I sat down and thought about it for a minute, and sketched a series of folds in my notebook, and realized that if shear strain was high, Peter was right: the long limbs and short limbs would swap places!

This was an important realization for me. An insight like that is a moment of illumination that makes a person look at the rocks differently than they did before the realization. I see it as an important development in the evolution of my own understanding of rock structure: one insight like that is worth the cost in time and money for a trip like the Superior Province field excursion before GSA. Here, a few feet away from the “S” fold (with its “sinistral” implications) are plenty of indications of dextral kinematics:

We can zoom in there (at upper right) on a “big fish,” for instance, which is basically bounded top to bottom by C surfaces and left to right by S surfaces:

Kinematically, this is the standard interpretation:

This makes us re-examine the fold we started off with: instead of being a rock-solid (pun very much intended) indicator of sinistral simple shear, it’s in fact entirely consistent with what the rest of the outcrop was suggesting: dextral simple shear!

Son of a gun. I’ll never trust those S folds again…

Anyhow, I am prompted to blog this now, this week, because last week a new article came out in Geology that looks at a similar phenomenon: the unfolding of folds during simple shear.

The idea is this: if you have an original layer oriented at a certain angle relative to a simple-shear-dominated shear zone, you can first fold that layer, then rotate it backwards and unfold it!

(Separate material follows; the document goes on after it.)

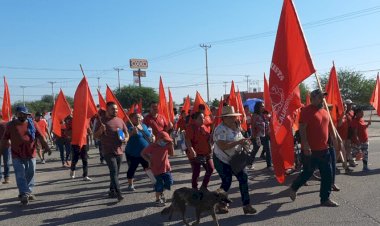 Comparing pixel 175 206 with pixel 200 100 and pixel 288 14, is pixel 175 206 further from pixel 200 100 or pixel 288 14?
pixel 200 100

As with my example from Minnesota, this phenomenon is a case of how a moderate amount of strain yields one structure, while a higher amount of strain produces another, totally non-intuitive structure. In Figure 1 of the paper (produced above, with color added), compare the unstrained left box with the very strained right box. They look like mirror images!

In particular, if the viscosity contrast between the folded layer (black) and the surrounding medium (green) is high (above ~50), the folded layer is capable of being entirely unfolded given a sufficiently high state of shear strain. Modeling results from Maria-Gema Llorens and her co-authors indicate that the presence of intrafolial folds and cusp-like folds in the matrix adjacent to otherwise straight layers are indicators that the “straight” layer may once have been folded.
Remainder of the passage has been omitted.